ASSIGNMENT:
I'd like the entries reproduced exactly, with the images omitted.

LISTED ENTRIES:

== Segment start ==

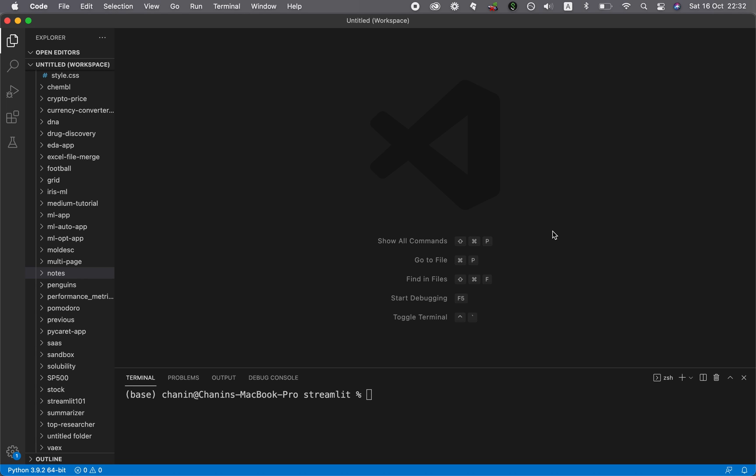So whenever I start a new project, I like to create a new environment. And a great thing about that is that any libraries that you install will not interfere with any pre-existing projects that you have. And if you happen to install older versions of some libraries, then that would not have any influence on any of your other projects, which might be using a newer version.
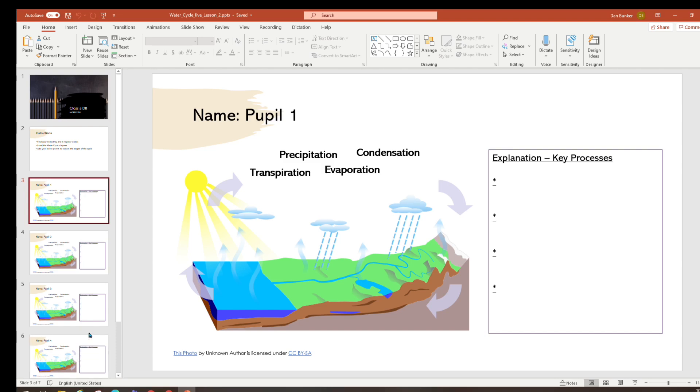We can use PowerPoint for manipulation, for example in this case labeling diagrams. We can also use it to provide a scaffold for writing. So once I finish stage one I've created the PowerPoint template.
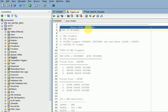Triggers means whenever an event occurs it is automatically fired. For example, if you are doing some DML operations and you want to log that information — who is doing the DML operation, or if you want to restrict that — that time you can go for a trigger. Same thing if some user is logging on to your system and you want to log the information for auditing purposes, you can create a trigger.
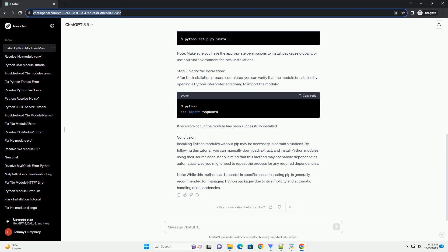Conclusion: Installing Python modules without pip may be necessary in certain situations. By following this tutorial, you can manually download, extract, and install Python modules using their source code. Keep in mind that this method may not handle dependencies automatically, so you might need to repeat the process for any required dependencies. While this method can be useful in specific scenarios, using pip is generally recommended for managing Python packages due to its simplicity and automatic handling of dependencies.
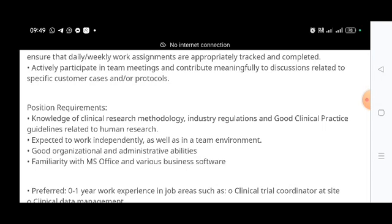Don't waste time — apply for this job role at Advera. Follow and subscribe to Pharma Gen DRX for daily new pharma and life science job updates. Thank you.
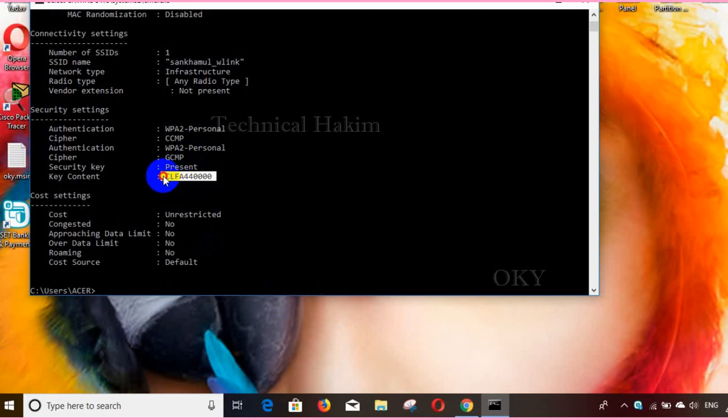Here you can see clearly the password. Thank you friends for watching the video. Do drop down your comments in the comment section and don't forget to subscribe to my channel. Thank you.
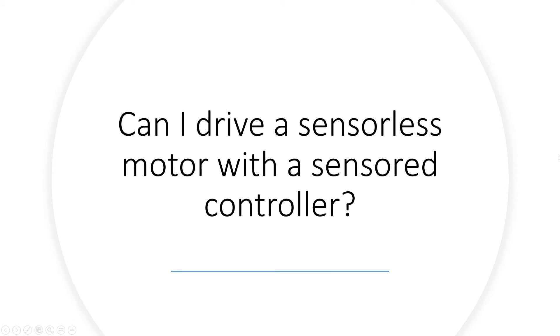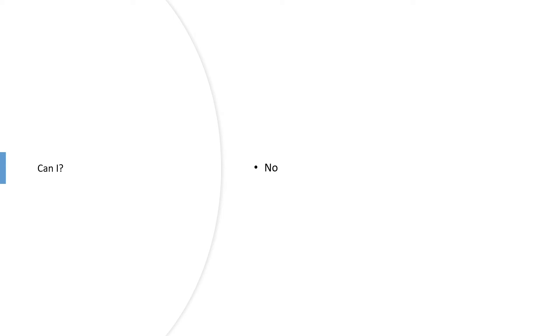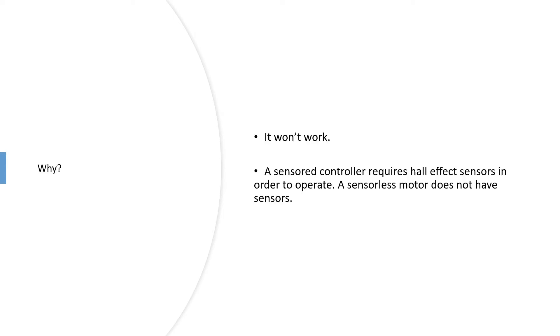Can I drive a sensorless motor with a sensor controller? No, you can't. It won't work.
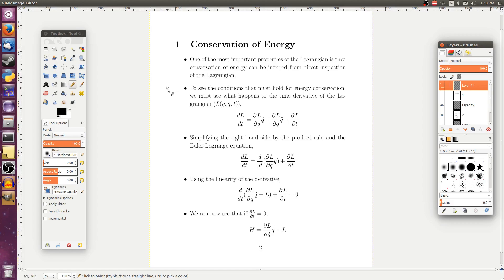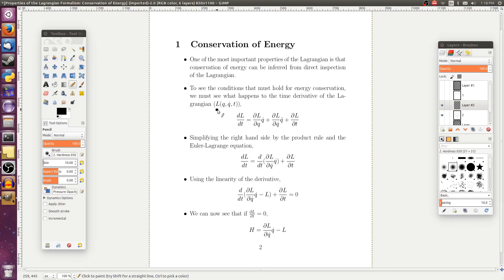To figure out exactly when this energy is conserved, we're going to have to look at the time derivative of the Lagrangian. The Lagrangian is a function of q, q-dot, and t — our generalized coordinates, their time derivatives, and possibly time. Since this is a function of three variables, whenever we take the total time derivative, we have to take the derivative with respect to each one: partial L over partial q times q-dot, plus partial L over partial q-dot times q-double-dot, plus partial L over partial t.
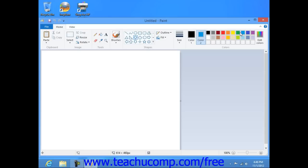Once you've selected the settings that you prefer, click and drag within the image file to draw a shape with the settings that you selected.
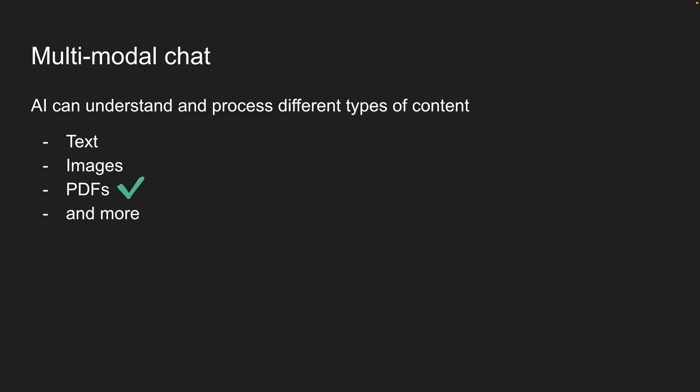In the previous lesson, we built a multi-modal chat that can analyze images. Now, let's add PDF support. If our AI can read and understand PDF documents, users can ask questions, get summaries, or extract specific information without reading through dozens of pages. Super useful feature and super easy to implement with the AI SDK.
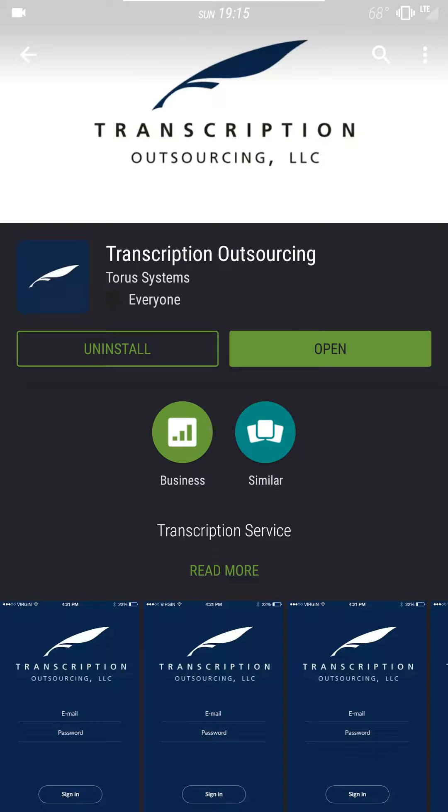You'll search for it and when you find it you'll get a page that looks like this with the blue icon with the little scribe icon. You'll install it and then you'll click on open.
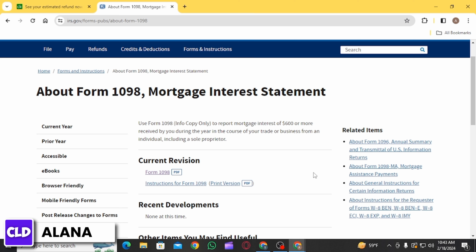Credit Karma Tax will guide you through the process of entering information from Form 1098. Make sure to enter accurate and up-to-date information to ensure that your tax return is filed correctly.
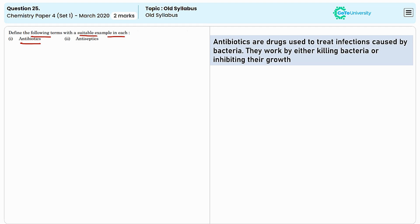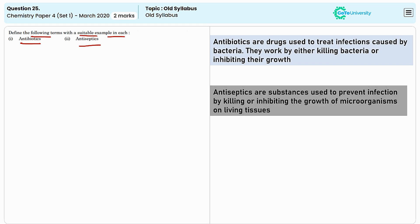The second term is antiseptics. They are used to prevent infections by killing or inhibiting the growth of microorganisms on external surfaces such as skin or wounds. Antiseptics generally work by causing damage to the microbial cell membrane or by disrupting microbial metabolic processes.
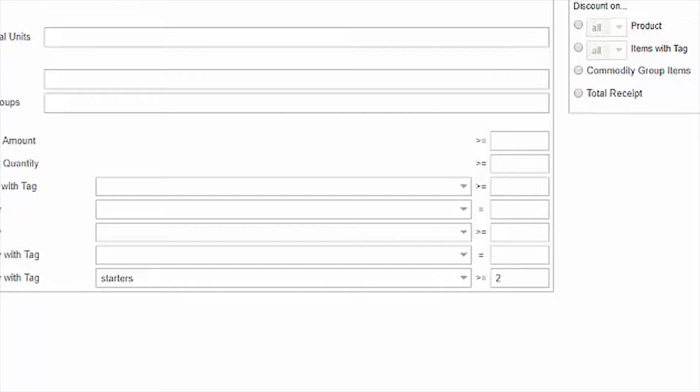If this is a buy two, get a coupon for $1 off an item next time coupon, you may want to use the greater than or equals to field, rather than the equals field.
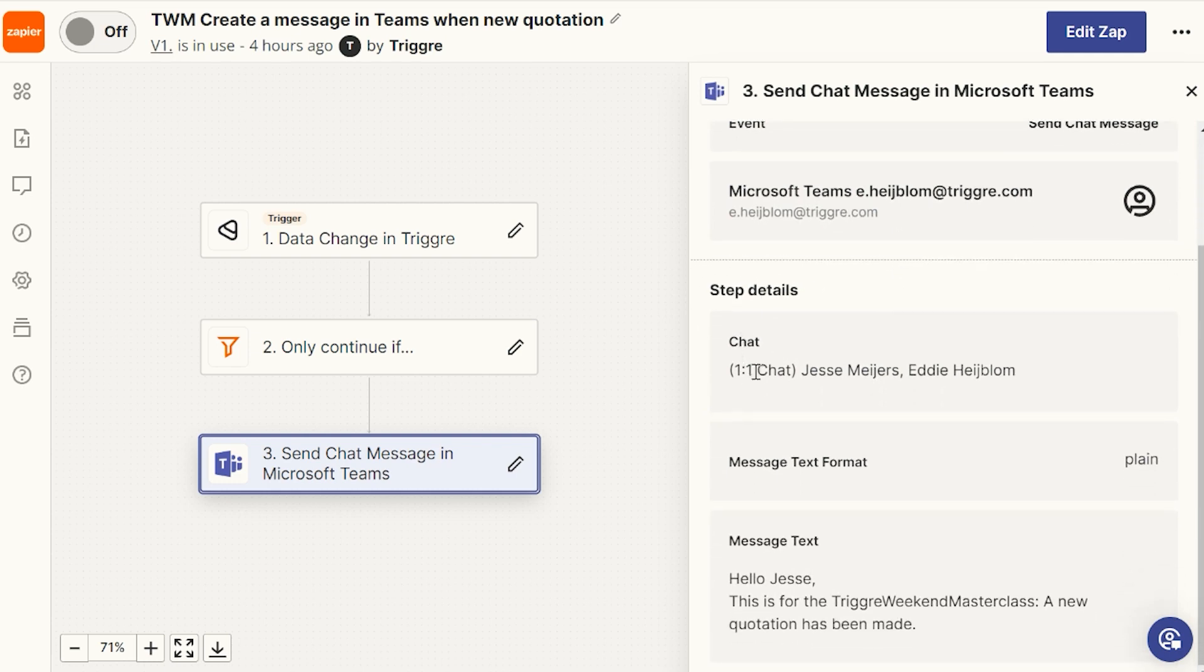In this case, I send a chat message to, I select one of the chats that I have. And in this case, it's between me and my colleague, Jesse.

== Segment end ==

SOLUTION TO THE EXERCISE:
So whenever I start a new project, I like to create a new environment. And a great thing about that is that any libraries that you install will not interfere with any pre-existing projects that you have. And if you happen to install older versions of some libraries, then that would not have any influence on any of your other projects, which might be using a newer version.
We can use PowerPoint for manipulation, for example in this case labeling diagrams. We can also use it to provide a scaffold for writing. So once I finish stage one I've created the PowerPoint template.
Triggers means whenever an event occurs it is automatically fired. For example, if you are doing some DML operations and you want to log that information — who is doing the DML operation, or if you want to restrict that — that time you can go for a trigger. Same thing if some user is logging on to your system and you want to log the information for auditing purposes, you can create a trigger.
Conclusion: Installing Python modules without pip may be necessary in certain situations. By following this tutorial, you can manually download, extract, and install Python modules using their source code. Keep in mind that this method may not handle dependencies automatically, so you might need to repeat the process for any required dependencies. While this method can be useful in specific scenarios, using pip is generally recommended for managing Python packages due to its simplicity and automatic handling of dependencies.
Don't waste time — apply for this job role at Advera. Follow and subscribe to Pharma Gen DRX for daily new pharma and life science job updates. Thank you.
Here you can see clearly the password. Thank you friends for watching the video. Do drop down your comments in the comment section and don't forget to subscribe to my channel. Thank you.
Can I drive a sensorless motor with a sensor controller? No, you can't. It won't work.
To figure out exactly when this energy is conserved, we're going to have to look at the time derivative of the Lagrangian. The Lagrangian is a function of q, q-dot, and t — our generalized coordinates, their time derivatives, and possibly time. Since this is a function of three variables, whenever we take the total time derivative, we have to take the derivative with respect to each one: partial L over partial q times q-dot, plus partial L over partial q-dot times q-double-dot, plus partial L over partial t.
Once you've selected the settings that you prefer, click and drag within the image file to draw a shape with the settings that you selected.
In the previous lesson, we built a multi-modal chat that can analyze images. Now, let's add PDF support. If our AI can read and understand PDF documents, users can ask questions, get summaries, or extract specific information without reading through dozens of pages. Super useful feature and super easy to implement with the AI SDK.
You'll search for it and when you find it you'll get a page that looks like this with the blue icon with the little scribe icon. You'll install it and then you'll click on open.
Credit Karma Tax will guide you through the process of entering information from Form 1098. Make sure to enter accurate and up-to-date information to ensure that your tax return is filed correctly.
The second term is antiseptics. They are used to prevent infections by killing or inhibiting the growth of microorganisms on external surfaces such as skin or wounds. Antiseptics generally work by causing damage to the microbial cell membrane or by disrupting microbial metabolic processes.
If this is a buy two, get a coupon for $1 off an item next time coupon, you may want to use the greater than or equals to field, rather than the equals field.
In this case, I send a chat message to, I select one of the chats that I have. And in this case, it's between me and my colleague, Jesse.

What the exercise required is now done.